[Data to process]

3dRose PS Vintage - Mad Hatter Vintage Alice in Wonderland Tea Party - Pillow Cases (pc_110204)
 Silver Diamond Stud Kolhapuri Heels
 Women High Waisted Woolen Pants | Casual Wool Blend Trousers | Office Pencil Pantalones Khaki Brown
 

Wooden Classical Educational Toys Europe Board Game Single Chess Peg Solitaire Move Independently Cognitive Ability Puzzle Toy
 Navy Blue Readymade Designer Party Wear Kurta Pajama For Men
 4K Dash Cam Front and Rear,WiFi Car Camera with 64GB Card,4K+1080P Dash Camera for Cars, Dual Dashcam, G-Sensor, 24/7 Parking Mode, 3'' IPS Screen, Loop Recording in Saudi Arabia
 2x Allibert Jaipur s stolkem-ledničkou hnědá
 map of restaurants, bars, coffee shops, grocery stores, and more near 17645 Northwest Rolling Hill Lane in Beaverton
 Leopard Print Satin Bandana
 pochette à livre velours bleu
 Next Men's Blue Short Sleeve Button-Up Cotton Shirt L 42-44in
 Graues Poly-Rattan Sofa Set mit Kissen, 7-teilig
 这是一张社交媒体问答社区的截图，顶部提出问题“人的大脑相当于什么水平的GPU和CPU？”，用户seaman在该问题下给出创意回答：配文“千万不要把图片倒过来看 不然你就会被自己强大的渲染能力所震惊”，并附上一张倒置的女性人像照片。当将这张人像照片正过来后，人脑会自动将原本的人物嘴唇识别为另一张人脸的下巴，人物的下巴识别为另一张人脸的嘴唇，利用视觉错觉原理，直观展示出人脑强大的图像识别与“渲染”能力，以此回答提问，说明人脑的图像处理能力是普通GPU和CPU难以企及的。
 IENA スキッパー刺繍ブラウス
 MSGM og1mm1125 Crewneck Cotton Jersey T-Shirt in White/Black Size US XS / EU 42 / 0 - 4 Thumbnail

[/Data to process]

### [What to do]
Out of the records above, pick each line that contains the string "Blue".

### [Your response]
 Navy Blue Readymade Designer Party Wear Kurta Pajama For Men
 Next Men's Blue Short Sleeve Button-Up Cotton Shirt L 42-44in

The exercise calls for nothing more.